El puestero desenvainó el cuchillo y se abalanzó contra Macario, que ya había cargado la imagen sobre sus espaldas, cayéndose de rodillas por el peso. Alguien desvió el brazo de Goiburú y la punta del facón sólo alcanzó a astillar el hombro del Cristo. Varios puñales y machetes empezaron a centellear bajo el sol rodeando y protegiendo la retirada de Macario y los suyos con el Cristo a cuestas. Las mujeres y las criaturas chillaban despavoridas. La cascada campana rompió también a repicar a rebato.

El cura vio que el remedio resultaba peor que la enfermedad.

Con los brazos en alto gesticuló para hacerse escuchar y restablecer el orden. Al fin lo consiguió a medias, desgañitándose. El jaleo fue amainado poco a poco bajo su trémulo vozarrón.

—¡Calma…, calma, mis hermanos! —gritó a la enardecida multitud—. ¡No nos dejemos arrebatar por la violencia!… —su actitud se volvió más humilde; entrelazó los dedos sobre el pecho—. A lo mejor, el hermano Macario tiene razón y yo estoy equivocado. A lo mejor el Cristo tallado por Gaspar Mora merece entrar en la iglesia… Quien sabe si en la hora de su muerte no se arrepintió de sus pecados y Dios le perdonó… Yo no me opondré a que la imagen tenga un lugar allí adentro. Pero hay que hacer las cosas bien. Primero hay que bendecirla…, hay que consagrarla. Éste es un asunto muy delicado. Déjenme consultar a la Curia, y entonces se resolverá del modo que más convenga a los intereses de la santa religión… ¿No es esto lo justo?

La gente acató en silencio el armisticio pedido por el cura.

Macario y los suyos estaban inmóviles, las caras enlodadas de polvo y sudor. Se miraron entre ellos y fueron a recostar nuevamente el Cristo contra la tapia, en el corredor. La multitud se dispersaba en un opaco rumoreo.

12

Esa misma tarde, mientras se despojaba de los ornamentos, el cura habló en la sacristía con el campanero, un muchacho rengo y granudo, que también hacía de sacristán.

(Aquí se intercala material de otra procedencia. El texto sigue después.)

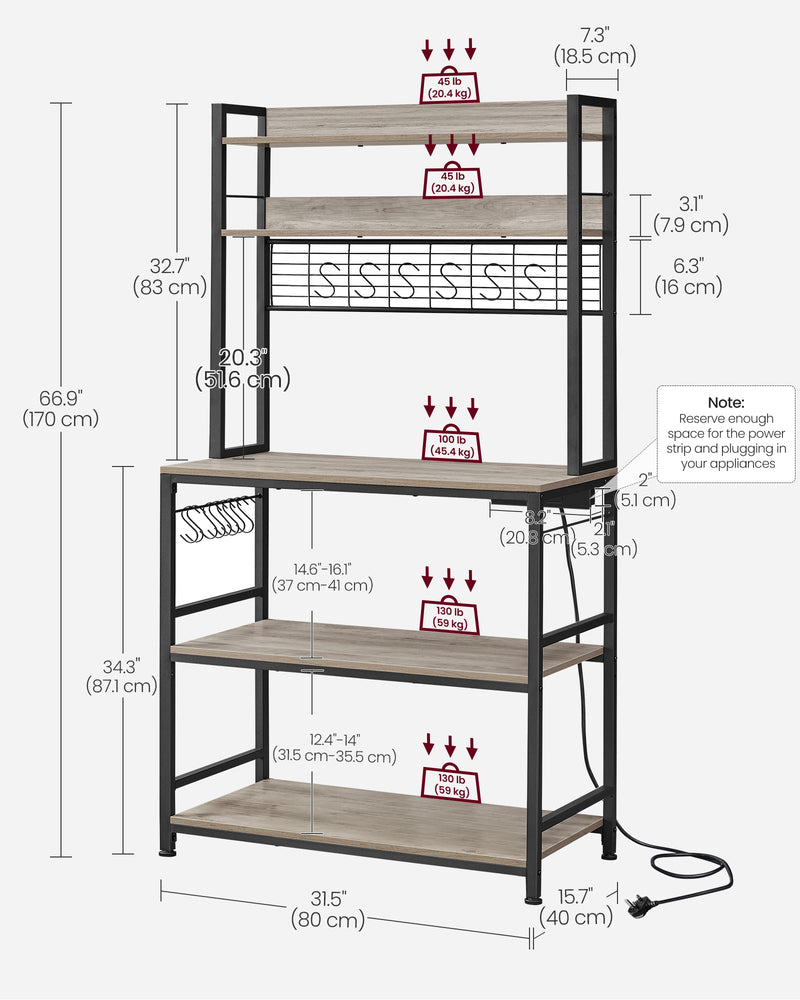 80 cm Wide Kitchen Storage Rack with Shelves in Greige and Black by Vasagle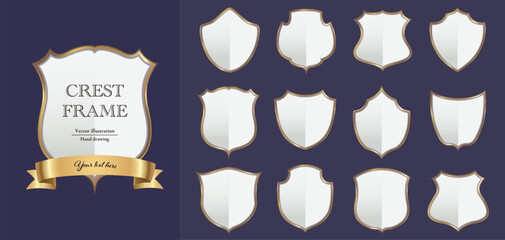 Crest frame set. Gold and white shiny badge  vector design.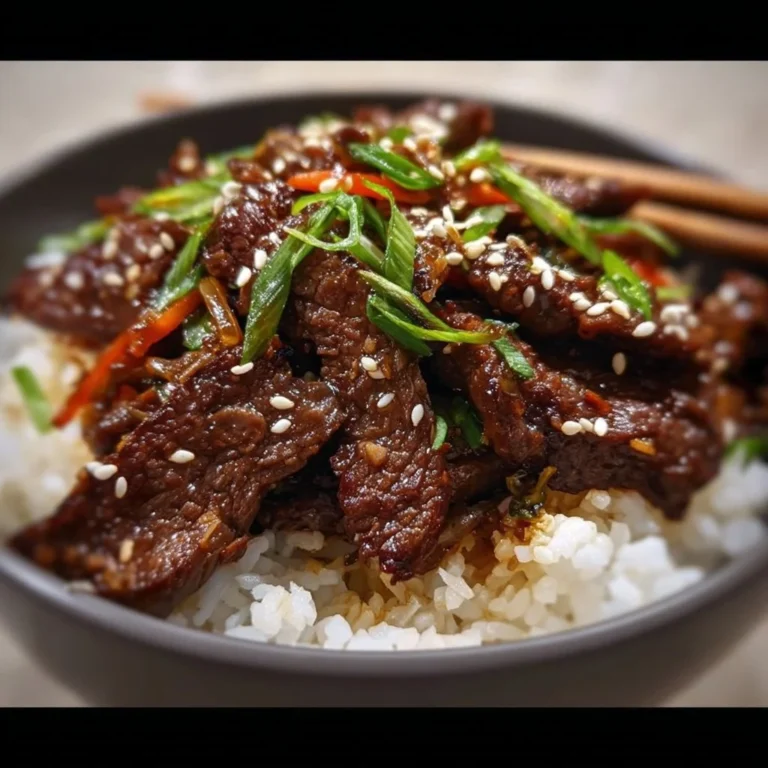 Delicious Korean beef bulgogi served with vegetables and rice.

—Después de mi ida, esa imagen debe desaparecer. No quiero fomentar la idolatría entre mis feligreses…

El muchacho estiró el cuello largo y escrofuloso y miró al cura sin entender. El incensario, del que se hallaba descargando cenizas aún humeantes, tintineó al chocar contra el suelo.

—Cuando me vaya, vas a hacer lo que dijo Goiburú —prosiguió el cura en el tono a la vez confidencial y autoritario que había adoptado con el muchacho.

—¿Cómo, Paí?

—Lo que oíste. Vas a quemar esa talla a escondidas, de noche, sin que nadie te vea, en el monte. Después enterrarás las cenizas y te coserás la boca. ¡Mucho cuidado! Le echaran la culpa a Goiburú, a quien sea… Que sé yo… Será mejor. Esto tiene que acabar —se dijo a sí mismo—. ¿Me has oído?

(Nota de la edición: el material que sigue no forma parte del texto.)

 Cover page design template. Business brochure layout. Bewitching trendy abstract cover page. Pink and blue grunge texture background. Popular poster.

—¿Quemar al Cristo, Paí?… ¿Yo? —hipó el campanero.

La cara granujienta estaba desencajada entre el temor que le inspiraba la orden y la duda de no haber comprendido bien. El incensario caído, parecía un cascarudo de plata acollarado por cadenas, respirando tenuemente su aliento de humo aromático. La nuez subía y bajaba por el pescuezo del muchacho.

—¿Yo? —tornó a gorgotear.

—Sí, vas a quemar eso… —farfulló el cura dando un tironazo al cajón de la cómoda.

—¡Quemar el Cristo! ¡
Jhake ra’ é
!

—¡No está bendito todavía! Hasta ahora es un trozo de madera no más.

—¿Y cómo, Paí? —bisbiseó el muchacho, mirando de reojo hacia afuera—. Desde que lo trajeron del monte hacen guardia por turno para cuidarlo. ¡Y tienen sus machetes!

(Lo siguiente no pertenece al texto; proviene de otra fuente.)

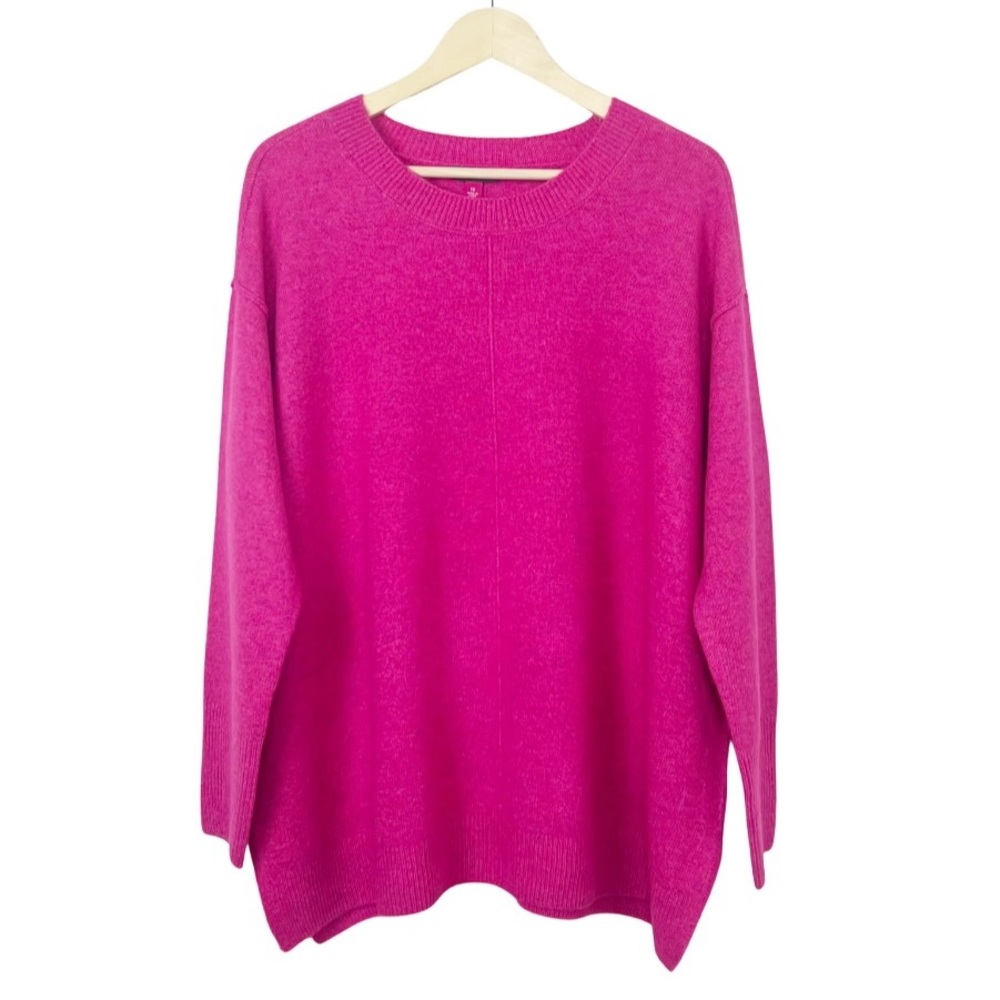 Vince Camuto Drop Shoulder Ribbed-Edge Sweater Pink 1X NWT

—Irás a ver en mi nombre al sargento de la jefatura. Él te dará ayuda… —se veía que él mismo no estaba muy seguro de lo que decía. Sus palabras se apagaron en un murmullo difuso.

Se enfundó el guardapolvo y fue a la Casa Parroquial, donde revisó el sobado cuaderno de anotaciones mientras le cebaban mate. Poco después pidió su cabalgadura y se alejó de prisa por el camino, rumbo a Borja, sin saludar a nadie, contra su costumbre. No se quedaba siquiera para la misa del domingo.